The Lawyer Disciplinary Board wants Coleman to give up his license and pay Goodwin & Goodwin $167,000 in restitution at 10 percent interest.
Coleman's attorney, Sherri Goodman of Charleston, opposed both punishments. She said the Court once reprimanded a lawyer who stole from his firm.
She said Goodwin & Goodwin did not ask for restitution.
Lawyer Disciplinary Board director Rachael Fletcher told the Justices that Tom Goodwin just wanted Coleman out of the firm.
She said that six times in 2004 and 2005, Coleman put his personal account number on invoices. She said he converted $170,000 to his personal use.
Goodman said Coleman offered to repay Goodwin & Goodwin at $3,000 a month.
She said he made a payment but then left the firm. She said he had worked as bond counsel for Goodwin & Goodwin but could no longer find work in that line.
She said his income fell from $200,000 a year to $20,000.
That did not sway Benjamin. He said, "There is a very good argument here that he is not getting enough punishment."
He said Coleman made "excuse after excuse after excuse."
He told Goodman, "I am not inclined to grant your client much sympathy."
Goodman said the first time Coleman took money from his partners, in 1993, he was going through a divorce.
Justice Joseph Albright said he was troubled by Coleman's inability to make restitution. He said, "What is just and doable?"
He said 10 percent interest was about $1,500 a month.
He said the Lawyer Disciplinary Board should keep track of Coleman's income and assess him as his income goes up.

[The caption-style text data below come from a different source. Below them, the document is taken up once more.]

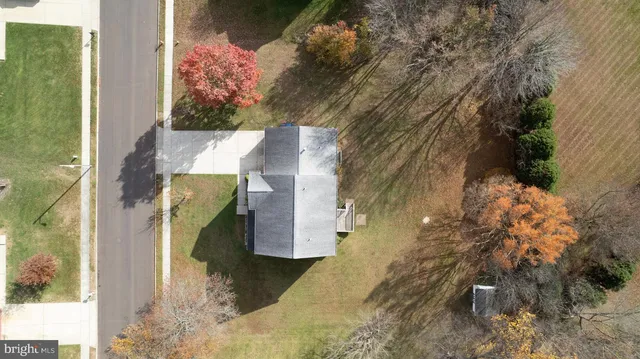 a aerial view of a house with swimming pool and lake view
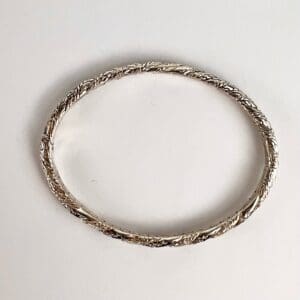 Silver braided bangle on white background.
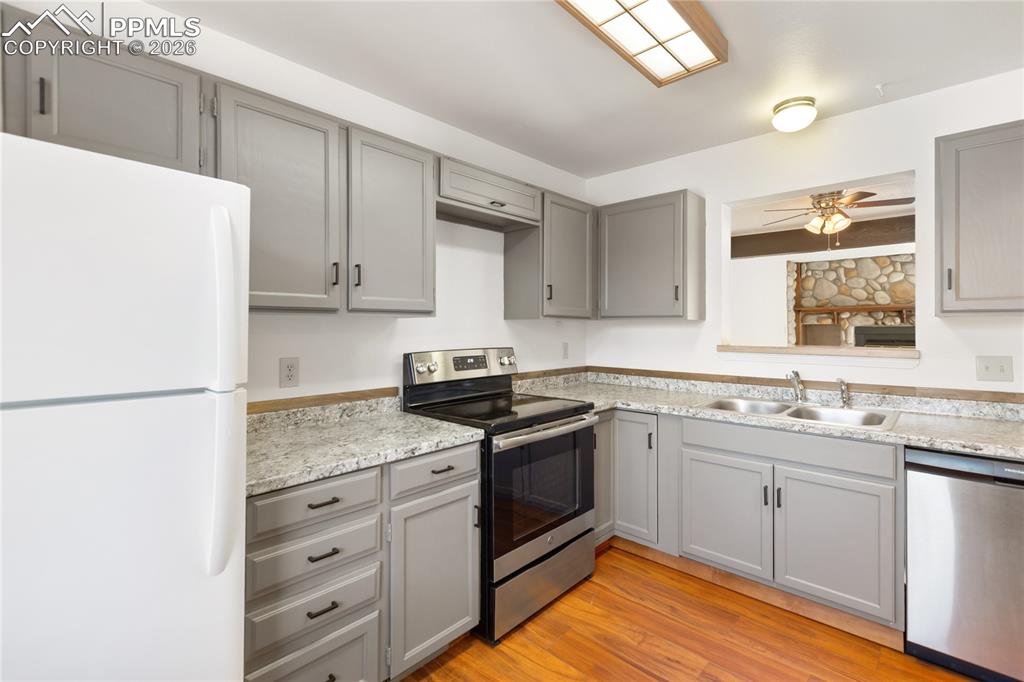 The kitchen features gray cabinets, stainless steel appliances, and light countertops!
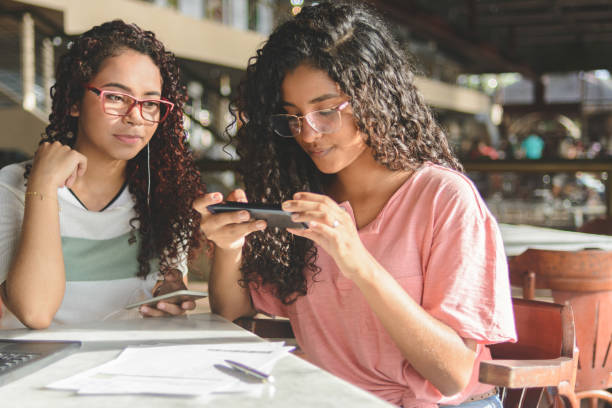 オンラインバンキングアプリを介して紙幣の支払いのためのバーコードのスマートフォンで写真を撮る2人の若い女性 - ラテンアメリカ 写真 ストックフォトと画像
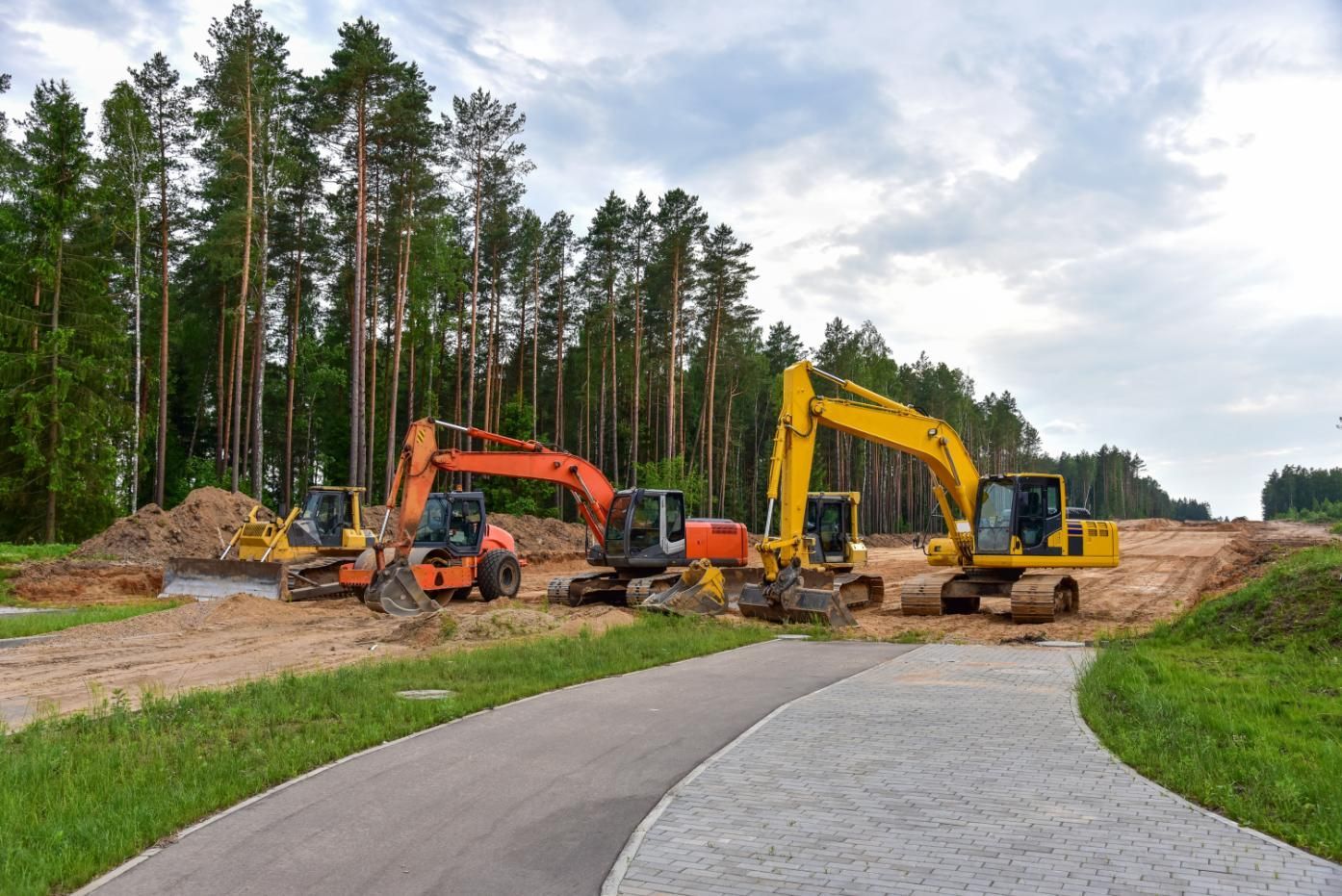 Two excavators and a dump truck on a road construction site beside a paved path and trees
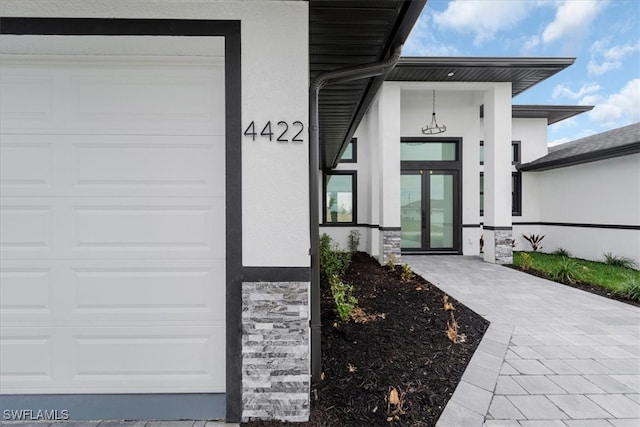 entrance to property featuring a garage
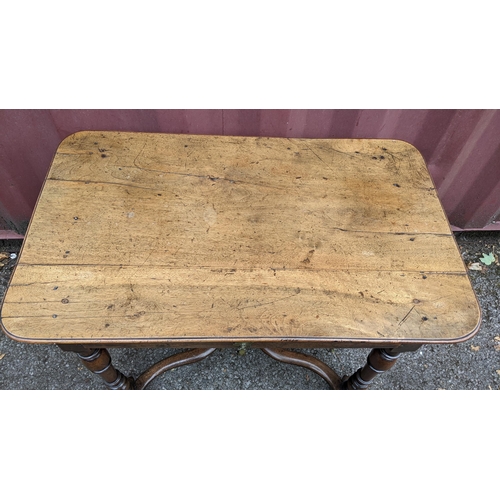 165 - A circa 1700 walnut side table, having a single frieze drawer, four baluster and knop turned legs un... 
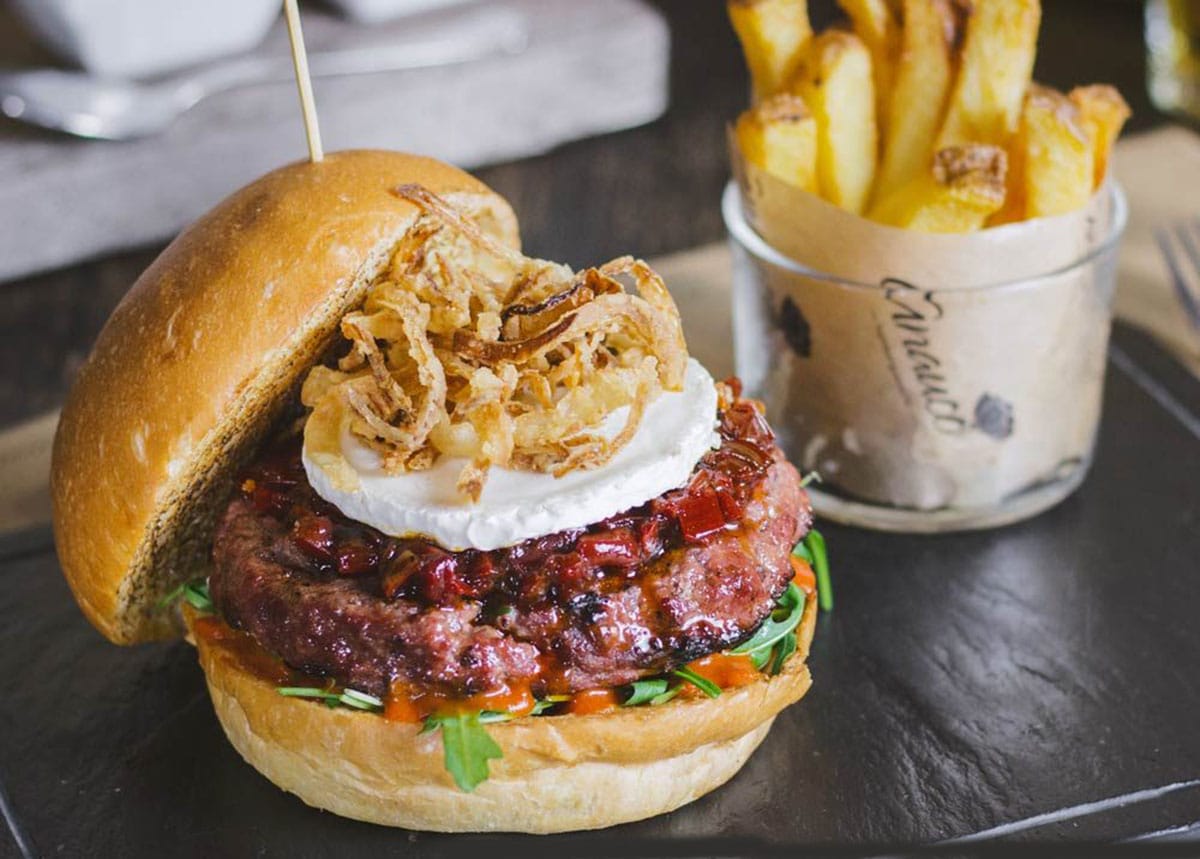 juicy burger on a toasted bun topped with fried onions and accompanied by French fries.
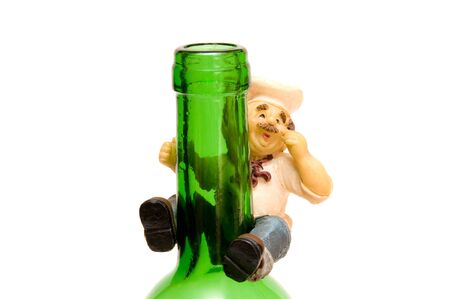 The original figurine sits on bottle neckの写真素材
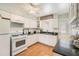 Bright kitchen features white appliances, cabinets, granite countertops and tile flooring at 5006 Springwood N Ave # 119, Pinellas Park, FL 33782
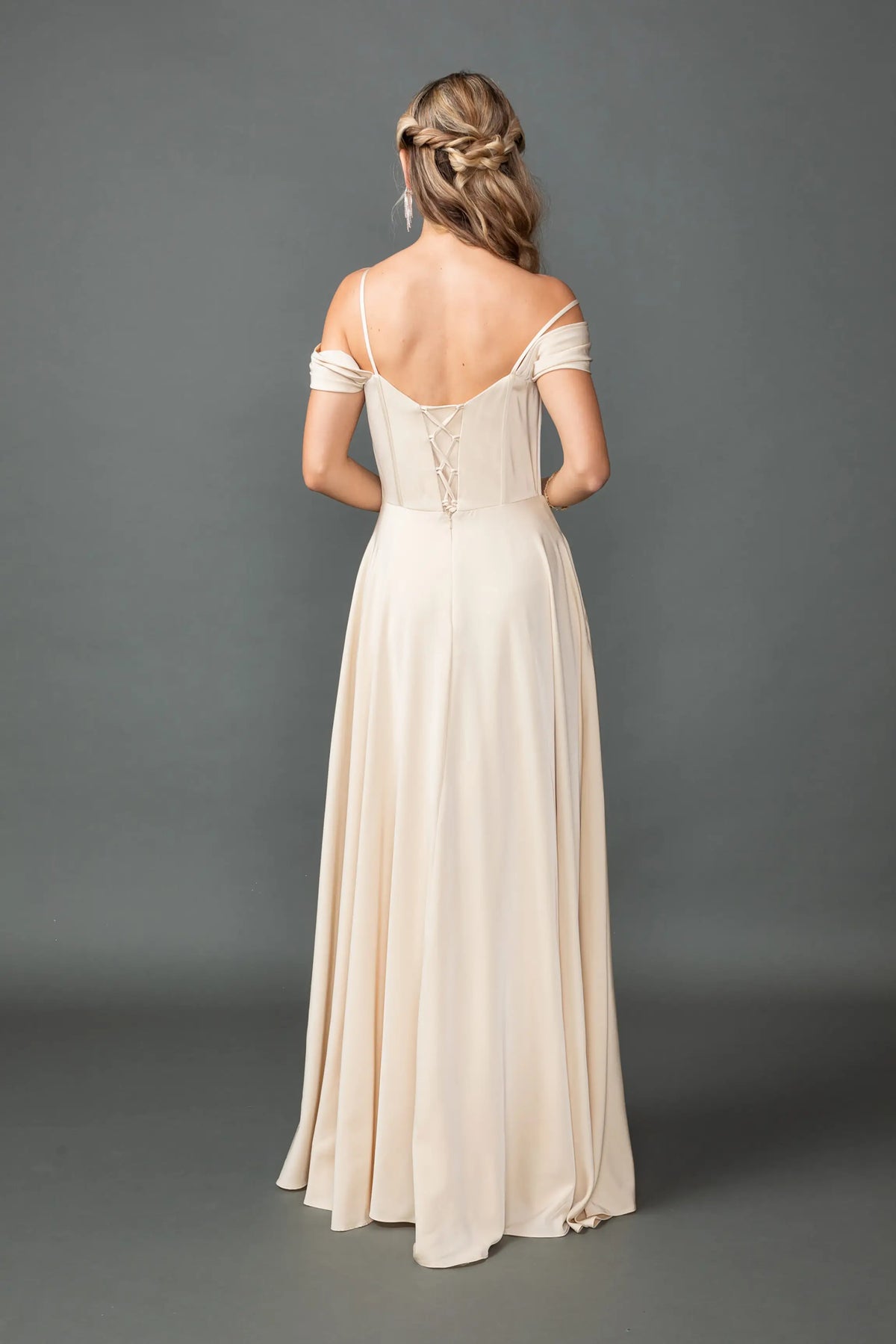 Revealing soft shoulder bands and a flowing skirt, this Champagne prom dress is shown from the back.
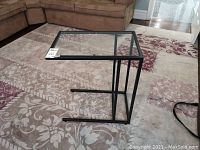 Portable laptop table with black metal frame and glass top, positioned on a carpet with a sofa nearby.
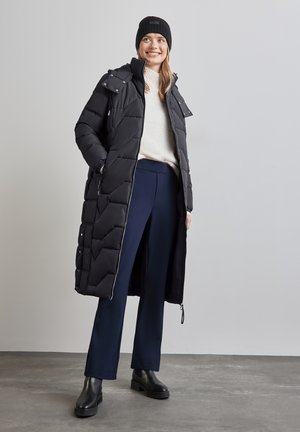 Manteau d'hiver noir avec un col montant, des poches zippées et une coupe droite. Porté par-dessus un léger pull et un pantalon bleu marine, avec des bottines noires.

Benjamin asked Goodman to interpret a rule that covers lawyer conduct toward "third persons."
Goodman said Coleman harmed the profession but not the public.
Davis said, "You want us to distinguish between cheating your partners and cheating your clients?" Goodman said yes.
Albright said harming clients is the greatest harm a lawyer can do.
Justices Spike Maynard and Larry Starcher missed the argument, but Davis said they would participate in the decision.